Received: 07 Apr 2022 – Discussion started: 02 May 2022

Abstract. The subsurface dissolution of soluble rocks, also called subrosion, can affect areas over a long period of time and pose a severe hazard. We show the benefits of a combined approach using P-wave- and S_H-wave reflection seismics, electrical resistivity tomography, transient electromagnetics, and gravimetry for a better understanding of the subrosion process. The study area, ’Esperstedter Ried’ in northern Thuringia, Germany, located south of the Kyffhäuser hills, is a large inland salt marsh that developed due to dissolution of soluble rocks at approximately 300 m depth.We were able to locate buried subrosion structures, subrosion zones, faults and fractures, and potential fluid pathways, aquifers and aquitards based on seismic and electromagnetic surveys. Further improvement of the subrosion model was accomplished by analyzing gravimetry data that indicates subrosion-induced mass movement as shown by local minima of the Bouguer anomaly for the Esperstedter Ried. Forward modelling of the gravimetry data, in combination with the seismic results, delivered a cross section through the inland salt marsh from north to south. We conclude that the tectonic movements during the Tertiary, which led to the uplift of the Kyffhäuser hills and the formation of faults parallel and perpendicular to the low mountain range, were the initial trigger for subrosion. The faults and the fractured Triassic and Lower Tertiary deposits serve as fluid pathways for groundwater to leach the deep Permian Zechstein deposits, since subrosion is more intense near faults. The artesian-confined salt water ascends towards the surface along the faults and fracture networks, and formed the inland salt marsh over time. In the past, subrosion of the Zechstein formations formed several, now buried, sagging and collapse structures, and, since the entire region is affected by recent sinkhole development, subrosion is still ongoing. From the results of this study, we suggest that the combined geophysical investigation of subrosion areas can improve the knowledge of control factors, risk areas, and thus local subrosion processes.

Sonja Halina Wadas et al.

Status: final response (author comments only)

RC1:
'Comment on egusphere-2022-164', Anonymous Referee #1, 27 May 2022

The manuscript deals with geophysical surveys and interpretation in an area affected by sinkhole processes in Germania. The topic is certainly of interest to Solid Earth, and the article is worth to be published, being an interesting piece of work; I was particularly happy to have the chance to read it.
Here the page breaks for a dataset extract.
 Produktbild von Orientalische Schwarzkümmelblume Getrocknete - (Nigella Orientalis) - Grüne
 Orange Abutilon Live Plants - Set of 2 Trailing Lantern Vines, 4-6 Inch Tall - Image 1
I have listed in the accompanying file a number of small edits, and requests of clarification on some issues that are not clear to me. Overall, I therefore require minor revisions and invite the Authors to carefully read my comments on the pdf file. Here, I just summarize the main points where the Authors should make an effort to further improve the quality and clarity of the paper, in my opinion.
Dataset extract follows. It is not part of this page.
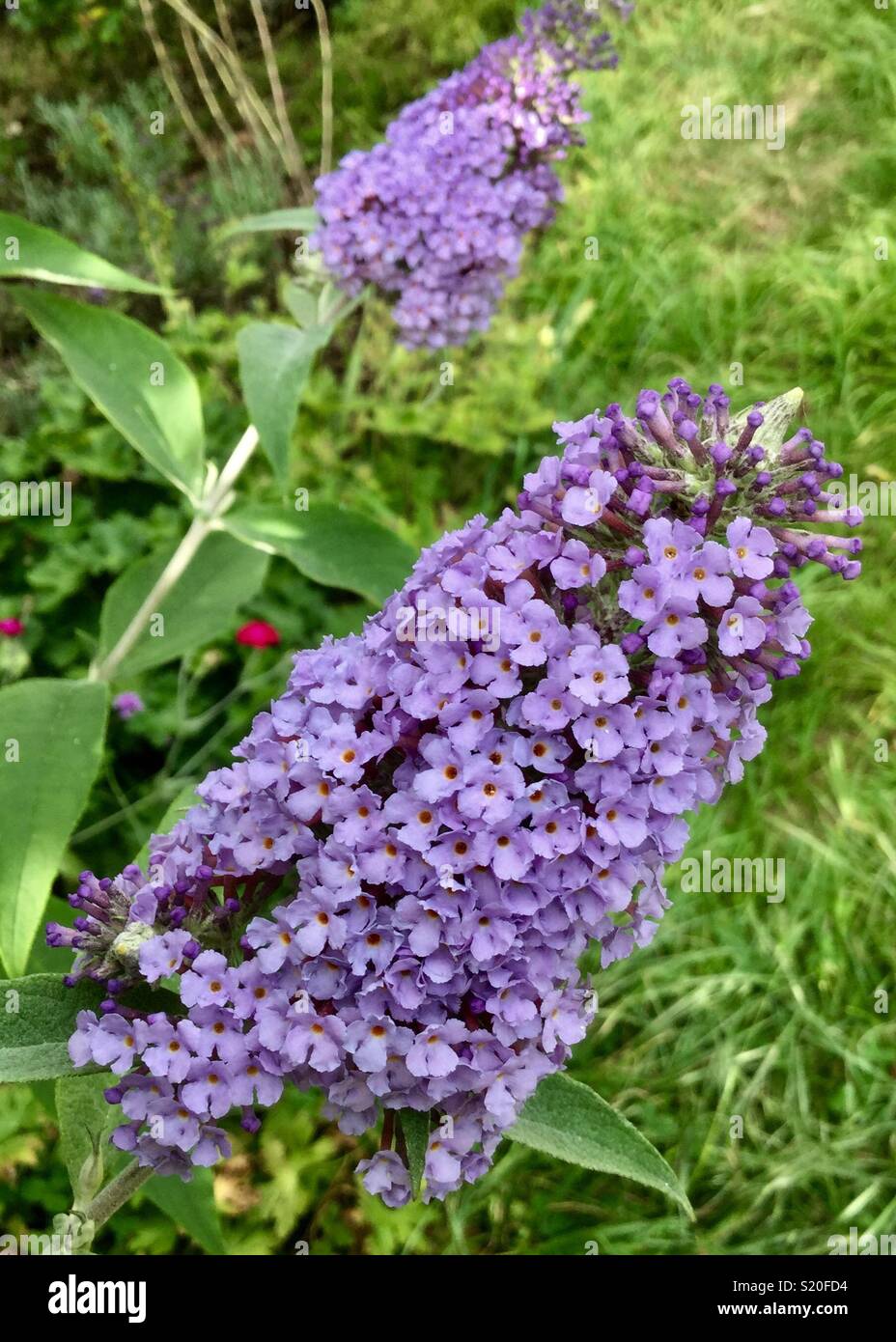 Purple Buddleia Stock Photos Purple Buddleia Stock Images Alamy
The main problem with the manuscript is the extensive use throughout the article of the term “subrosion”, which I strongly discourage. This because the term is not established in the scientific literature about sinkholes, and represents a potential source of confusion. I would suggest to use, as in the first line of the article, subsurface dissolution (which in many cases include also the leaching process).

At a greater detail, the existence of a well-established classification (proposed by Gutierrez et al., 2014, with recent developments by Parise, 2019, 2022) should be considered as reference point, and the interpretation of the geophysical surveys including the attribution to mechanism of origin, should be done in accordance with the categories of the classification above. In many parts of the manuscript I pointed out the confusion deriving from using the term subrosion, I really hope the Authors could take into account such observations and comments.

As for the sinkhole classification, as mentioned above there have been in the last years some updates published in the Encyclopedia of Caves (3^rd edition) and in the Treatise on Geomorphology (2^nd edition). I would suggest to quote also these recent developments. Below the complete references:

Parise M., 2019, In: White W.B., Culver D.C. & Pipan T. (Eds.), . Academic Press, Elsevier, 3^rd edition, ISBN ISBN 978-0-12-814124-3, p. 934-942.

Parise M., 2022, . In: Shroder J.J.F. (Ed.), . Elsevier, Academic Press, pp. 200–220. https://dx.doi.org/10.1016/B978-0-12-818234- 5.00029-8. ISBN: 9780128182345.

The issue of salt springs in the Khyffauser hills (line 73) is very interesting, and might deserve some additional detail. Is there any reference to hydrogeological works in this area? Could these (if existing) could be useful for a deeper understanding of the sinkhole problems?

Comment on Figure 1: do we need so many different colors if you then summarize them in single formations?The map is quite complex and not easily readable, I suggest to simplify it in 6 colours (the 6 groups listed in the legend) to improve readability.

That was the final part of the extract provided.